Wait times
Healthcare costs for medically indicated procedures for the 13 million Ontarians (including costs of surgery and hospitalization) are covered by a government single payer, the Ministry of Health and Long-Term Care. Little surgical care is provided outside the province.
The Ontario Wait Times (WTIS) database contains patient level wait times data from 98% of Ontario hospitals. Surgical wait times are calculated as the time from decision to treat until surgery. The database also contains demographic data, postal codes, and information related to the type of surgery. The study included all adult patients with complete data in the WTIS database from 2006–2015. We excluded patients < 18 years old at the time of surgery, missing wait time data, and missing or non-Ontario health card number.
Access targets for urgent and nonemergent care were previously established through expert consensus. Surgeons assign patients a priority 1 through 4 (P1-P4); with access targets ranging between 7–182 days [20,21,22,23,24]. Periods of delay due to “patient related” reasons, such as a change in medical status or patient rescheduling, are recorded as Days Affecting Readiness to Treatment (DART), and the calculated waiting time is adjusted for any DART days. During the study period, hospitals received extra targeted funds to increase surgical volume and reduce wait times for hip and knee replacements, cataracts, oncology procedures and cardiac surgery.
The following variables were obtained: Ontario health card number (unique individual identifier), birth year, sex, postal code, hospital, surgical specialty, procedure type, priority level, access target and DART reason.
Socioeconomic status and rurality
The 2015 Postal Code Conversion File (PCCF, obtained from Statistics Canada) contains all the postal codes in Canada. Postal codes are combined by Statistics Canada into larger census groupings called Dissemination Areas (DAs). The PCCF also includes the relative rurality of each census subdivision. The Material and Social Deprivation Index (MSDI), developed by the Institut national de santé publique du Québec, uses Statistics Canada census data to calculate both material and social deprivation scores for each DA [25,26,27]. The MSDI separates DAs into deprivation quintiles containing 20% of Ontario’s population based on six indicators: average income, proportion of individuals without a high school diploma, proportion of employed individuals (material deprivation), and proportion of individuals living alone, proportion of lone parent families, and the proportion of separated, divorced or widowed individuals (social deprivation). We used the 2011 MSDI, the most recent version centered on the study period.

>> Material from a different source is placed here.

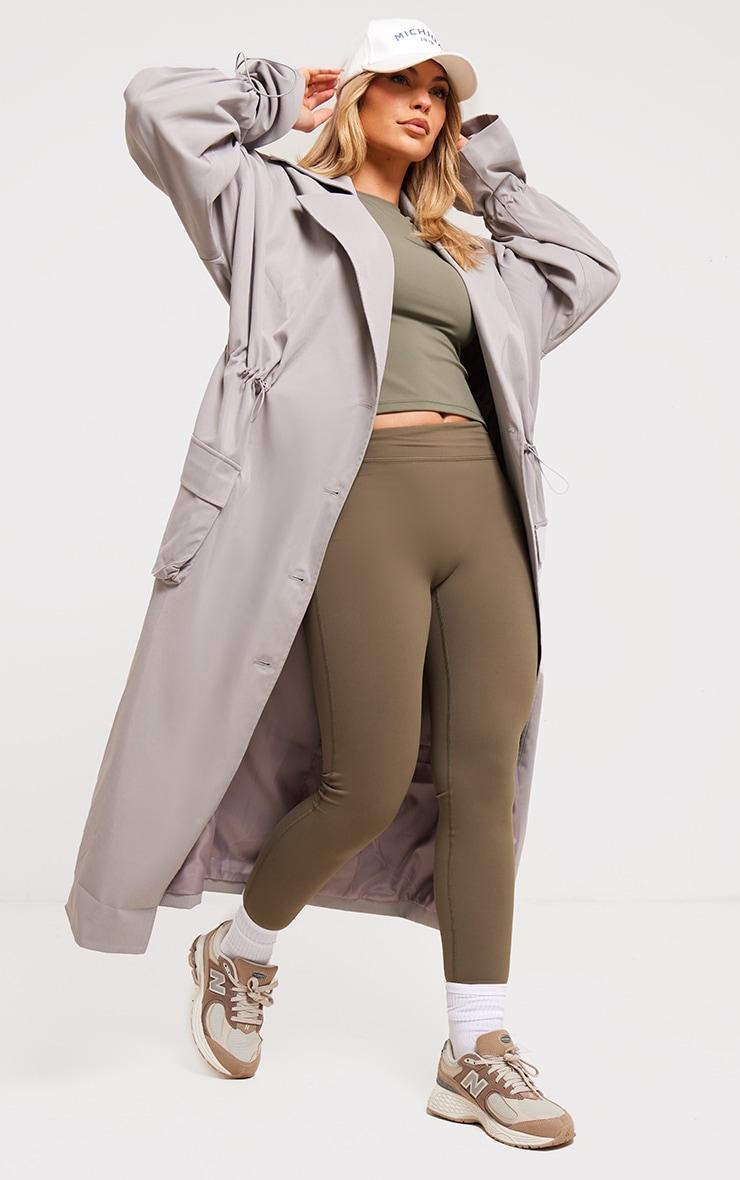 Grey Ruched Toggle Detail Trench Coat Product Image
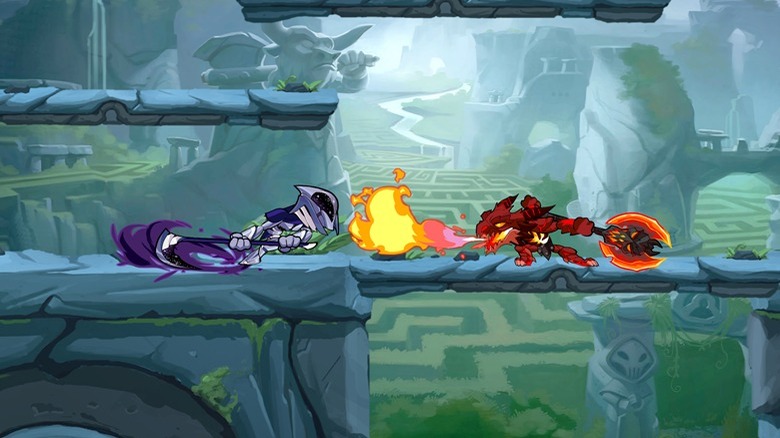 Two Brawlhalla characters fighting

The PCCF was linked to the MSDI to obtain the material deprivation quintiles of each postal code in Ontario based on their DA. We merged the resulting database with the WTIS to link individual patients to their deprivation quintiles based on postal code. Rurality was classified as metropolitan areas (population at least 100,000), census agglomeration areas (CA) (two levels, each with population at least 10,000), or areas with strong to no metropolitan influence based on the proportion of commuting population. This measure has been previously used to examine correlations with health status [28].
The primary question was whether patients’ material deprivation levels were associated with surgical waiting times, controlling for the number of visits, age at procedure, material deprivation, rural status, sex, surgical specialty, priority level, and year of procedure. Social deprivation was found to have nearly the same distribution as material deprivation and so was not included in further analysis. Since patients underwent multiple procedures a fixed-effects, repeated measures least squares regression model using the Mixed Procedure in SAS was used. We used an Autoregressive AR(1) correlation matrix to model the correlation of the repeated waiting times. The correlation for this matrix decreases the further apart the waiting time within an individual. This structure made the most clinical sense. There was no concern with power of the study since the sample size was close to 4.5 million.
No individual patients were identified in this study. All data were presented with patient identifiers removed. The SAS software package V9.4 and Stata V15 was used for statistical analysis, and all data was analyzed by the authors. The research protocol was approved by the SickKids REB.